En 1976, Jean Raspail fait sienne l’utopie magnifique d’Antoine de Tounens. Le royaume de Patagonie, dont ce modeste Périgourdin s’était proclamé roi en 1860, devient sa patrie mythique. Selon les mots de Michel Déon, c’est avec tendresse, ironie, fierté et mélancolie qu’il y établit « son exil intérieur ». Grâce au romancier, voilà Antoine de Tounens ressuscité et légitimé : Jean Raspail se déclare Vice-Consul de Patagonie et lui rallie la fidélité fantaisiste et inconditionnelle de milliers de sujets à travers le monde.

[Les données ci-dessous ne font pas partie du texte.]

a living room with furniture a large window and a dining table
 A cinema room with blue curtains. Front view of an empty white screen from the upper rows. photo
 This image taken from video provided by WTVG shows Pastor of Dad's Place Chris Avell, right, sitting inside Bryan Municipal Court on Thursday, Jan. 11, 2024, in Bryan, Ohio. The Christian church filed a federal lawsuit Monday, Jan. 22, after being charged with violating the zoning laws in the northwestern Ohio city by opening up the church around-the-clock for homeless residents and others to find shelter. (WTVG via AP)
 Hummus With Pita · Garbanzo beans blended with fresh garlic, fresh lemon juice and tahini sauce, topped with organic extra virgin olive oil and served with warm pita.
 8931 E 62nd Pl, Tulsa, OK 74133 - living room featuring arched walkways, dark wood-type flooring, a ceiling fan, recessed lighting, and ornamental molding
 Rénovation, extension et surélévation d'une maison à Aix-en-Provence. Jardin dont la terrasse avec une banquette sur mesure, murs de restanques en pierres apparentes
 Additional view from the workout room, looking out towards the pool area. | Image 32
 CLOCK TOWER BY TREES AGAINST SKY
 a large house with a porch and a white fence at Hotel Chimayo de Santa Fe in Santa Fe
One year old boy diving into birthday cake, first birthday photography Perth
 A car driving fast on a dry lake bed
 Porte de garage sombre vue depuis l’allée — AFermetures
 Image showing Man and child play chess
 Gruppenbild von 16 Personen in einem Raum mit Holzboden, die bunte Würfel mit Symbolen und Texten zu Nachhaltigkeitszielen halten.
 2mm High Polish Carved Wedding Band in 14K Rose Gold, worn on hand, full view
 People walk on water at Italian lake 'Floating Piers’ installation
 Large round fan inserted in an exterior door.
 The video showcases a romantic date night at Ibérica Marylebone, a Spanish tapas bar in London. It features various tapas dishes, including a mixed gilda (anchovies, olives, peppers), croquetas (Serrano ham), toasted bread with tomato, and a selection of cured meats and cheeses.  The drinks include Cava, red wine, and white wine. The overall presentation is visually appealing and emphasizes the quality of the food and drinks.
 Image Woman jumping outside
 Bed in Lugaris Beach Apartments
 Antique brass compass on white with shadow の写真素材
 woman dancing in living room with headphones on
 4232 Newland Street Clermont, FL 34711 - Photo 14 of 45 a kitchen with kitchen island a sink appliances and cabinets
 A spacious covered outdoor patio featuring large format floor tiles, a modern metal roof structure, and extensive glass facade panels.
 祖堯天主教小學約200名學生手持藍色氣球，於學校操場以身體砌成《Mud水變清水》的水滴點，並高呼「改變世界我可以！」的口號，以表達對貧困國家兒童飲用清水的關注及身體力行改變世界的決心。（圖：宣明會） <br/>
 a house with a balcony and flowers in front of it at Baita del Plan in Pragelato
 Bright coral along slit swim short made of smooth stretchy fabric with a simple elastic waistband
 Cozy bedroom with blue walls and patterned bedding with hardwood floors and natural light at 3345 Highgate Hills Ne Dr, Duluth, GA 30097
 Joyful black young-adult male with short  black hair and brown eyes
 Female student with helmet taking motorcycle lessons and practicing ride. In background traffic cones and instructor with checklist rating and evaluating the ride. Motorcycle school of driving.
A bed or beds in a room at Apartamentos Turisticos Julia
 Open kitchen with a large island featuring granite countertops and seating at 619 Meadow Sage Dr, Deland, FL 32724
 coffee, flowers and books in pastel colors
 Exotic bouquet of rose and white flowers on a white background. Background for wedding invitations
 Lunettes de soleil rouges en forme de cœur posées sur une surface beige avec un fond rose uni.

« C’est bien plus beau lorsque c’est inutile », écrivait Edmond Rostand. L’auteur de Sire et du Jeu du roi a bien des airs de Cyrano. Jean Raspail se fait le chantre des causes perdues. Il s’y engouffre corps et âme, il y met l’énergie du désespoir et la ferveur d’un adolescent. Il se trompe volontairement d’époque, revendique une éternelle inadaptation au monde moderne. Ses combats ne sont pas politiques, ils sont romanesques. Civilisation occidentale, monarchie, peuples disparus, tradition catholique, tout survit dans la littérature et y acquiert un supplément d’âme. Son œuvre, profondément pessimiste, peint une société uniformément grise malgré la prétendue diversité. L’incontournable Camp des Saints, vendu à plus de cent trente mille exemplaires, raconte bien avant Soumission l’invasion migratoire de notre pays. Le camp des Saints est une parabole, la parabole de l’Occident vide, de nos nations de « tout petits bourgeois » incapables de résister aux hordes du Tiers-Monde. « La France a cédé » peut-on lire à la fin du roman. « La masse, la voici. […] Cela s’entend, cinq milliards d’êtres humains, debout sur toute la terre ! Tandis qu’avec Marcel et Josiane, sept cents millions de Blancs ferment les yeux et se bouchent les oreilles. » Le constat est sans appel. Il trouve cette année un écho tout particulier. Le lecteur s’échappe néanmoins en riant sous cape car la littérature, elle, n’est pas une cause perdue : Jean Raspail est le romancier de la transmission. Par lui continue à vivre et à se transmettre un monde presque oublié au milieu d’une actualité privée d’espérance.
Souvent interrogé sur ses amitiés littéraires, Raspail écrivait : « je ne sais pas si les Hussards m’auraient accepté parmi eux. » Maintenant que tout est accompli, gageons que Laurent, Nimier, Déon et Blondin sauront lui faire une place à côté d’eux pour l’éternité. Celui qui est resté injustement sur les marches de l’Académie française tout au long de sa carrière est enfin Immortel.